Carlos: Do you have anything else you want to add there, Brian?

Brian: I mean the checkpoint files are really just used for recovery purposes, right, and also for the backups. So in that scenario where you encountered at the backup has failed and you have some kind of storage corruption, presumably your actual data will be fine, right?

Steve: Well, if you’re pulling that data from another table that is a disk based table, yeah it will be great. But if it’s going into In-Memory OLTP table that data may only exist in that checkpoint file until it gets backup.

Brian: Oh, ok.

Carlos: Got you. Yeah, crazy.

Steve: Yup, so. It’s definitely, I mean In-Memory OLTP is definitely a huge performance gain there. And it sound like that’s what you’re using it for and you’re definitely seeing those results.

Brian: Yes. I mean, I think our plans for 2017 definitely involve more In-Memory OLTP.

Carlos: But that’s not the only feature that you’re using in 2016?

Brian: No, another feature that we’re using extensively is Query Store.

Carlos: Right, and this made waves recently because they had enabled it by default in Azure SQL database.

Brian: Oh, that’s right. Yeah, that’s right.

Carlos: So they maybe, you know, who knows in the SP2 it might become available. This is a pure conjecture. This is not an announcement. But I could see that coming in future versions being enabled by default. But currently it’s not.

Steve: Yeah, I could see it and even during the preview top program. They were changing the defaults almost on a monthly basis. I don’t know if anyone was paying a lot of attention to the CTPs but almost each month they kind of they got tweaked.

Carlos: Yeah, I know when I talked with Borko, you know, the PM about that. They we’re looking at those usage patterns. They wanted to get that feedback, see how people were using it and then being more responsive if you will.

Brian: Yeah, for us because we have a lot of adhoc queries. They switched the cleanup the queries that are not frequently used was important.

Carlos: Ok, so I guess talk to us, so I guess we should review quickly what the Query
Store option is. And for my perspective, right, it’s basically tables that are inside the same database that is going to keep a record or a history of all the executions that have happened on your database for further analysis. Is that fair?

Brian: Yeah, I think that’s fair. I think Borko describes it as a flight recorder for your database. And I think that’s a really good description.

Carlos: Yes, that’s right.

Brian: So it keeps a record of all of the queries as they execute and then the plans that they use. So even though, probably the primary use case is that, right, looking for plan changes that are problematic. There’s a lot of rich data in there that you can use for other things as well.  Even cases where it might be queries that are aborted, or cancelled, or timed out for some reason that’s all data you can pull out of there.

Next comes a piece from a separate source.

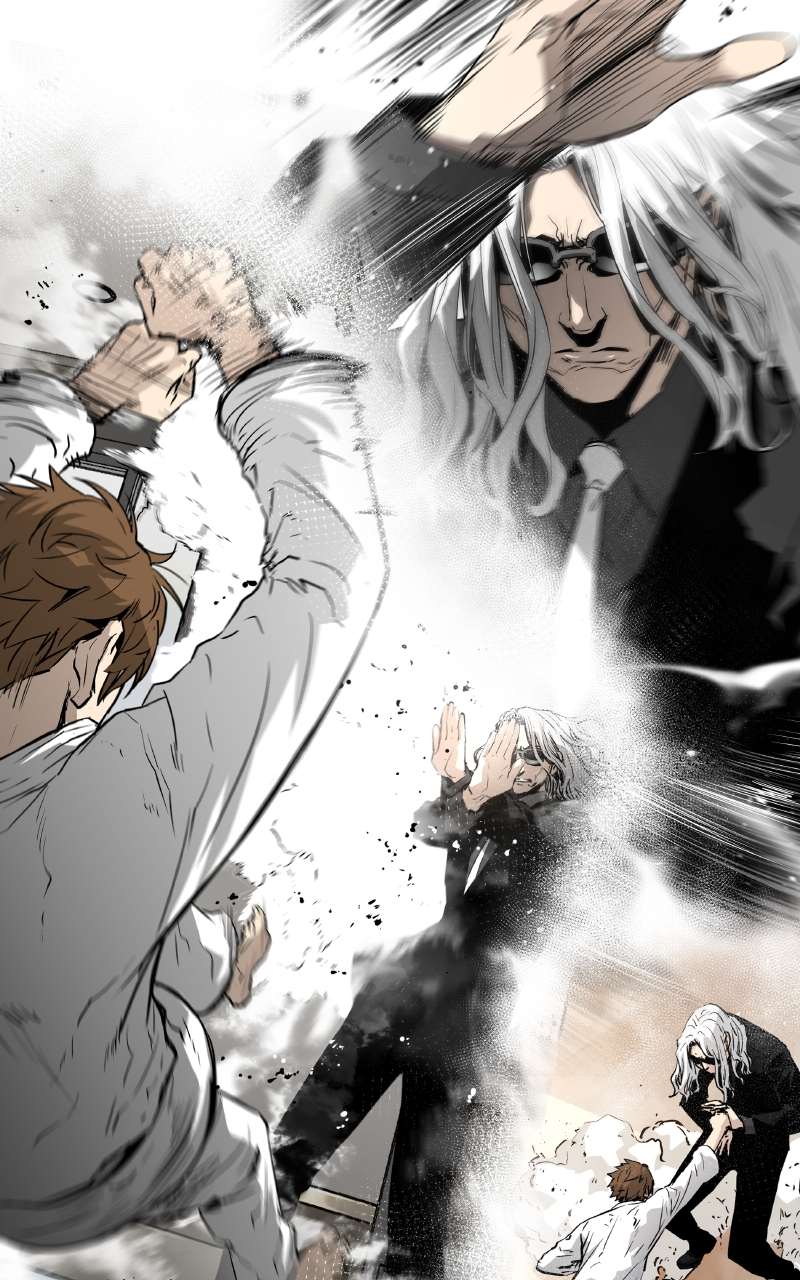 Read The Breaker 3_ Eternal Force FR Manga Online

Carlos: Right, I know, from the DMV perspective, you know, that you can only see either cumulative totals or the last execution counts. And so that scenario where, “Oh, this morning I was having a problem but now it seems fine”, you know, not much that you can do about it now.

Brian: Yeah, so we typically, prior to Query Store we would typically run Adam Machanic’s sp_whoisactive every minute and dump that to a table. So we would have some kind of history of what’s executing when a developer or a customer comes to us and says, “What, you know, there was an issue an hour ago or two hours ago. What happened?” Right, it’s really hard to tell. So that’s what we use that for and that Query Store is kind of like a more enhanced version of that.

Carlos: Ok, interesting. So, I mean, you talked about aborted queries, you know, that you’re starting to look at or I guess understand better. Other things that you’re getting out of there that maybe you haven’t thought of before?

Brian: We use plan guides and once extensively but we have certainly areas where we use plan guides and if anybody has worked with plan guides to force plans, I mean Query Store is amazing, right.  It execute a procedure, you pass in two parameters and your plan is forced. None of this messing around with like huge blocks of XML or trying to capture the correct plan from the cache.

Carlos: Ok, so now you’re actually saying I can go back into Query Store. I can capture the plan. I have two plans, one is good, one is bad. And I basically say, “I want to use this one.” And that’s your plan guide?

Brian: Yeah. It is a force. It’s not, “Hey, would you mind using this one?” You’re forcing it to use this plan.

Carlos: Sure. Well, that’s kind of an interesting option and I say this only because I was just writing test prep questions and so I’ve been looking at force. Force is kind of an interesting option because any plan is really a force, right. You’re telling it, “Hey, you need to use this.” Instead of what you think you’re going to use.

Brian: Sure, but you’re not giving the optimizer a choice. So the optimizer is being told, “Here is your plan, execute that.”

Steve: And I think that’s a much more direct and guaranteed way of using plan guides rather than saying here’s the plan guide and here are some suggested hints to use.

Brian: Yeah, certainly what we have found is that we’re often using hints to try and get to the plan that we want. As you say, this is more direct. Here, I know the plan, I won’t use it.

Carlos:  Right, right, right.

Brian: I mean that should be a pretty rare scenario. Usually the best thing to do is to leave it to the optimizer to figure out the best plan. But there are always those cases that you have to deal with.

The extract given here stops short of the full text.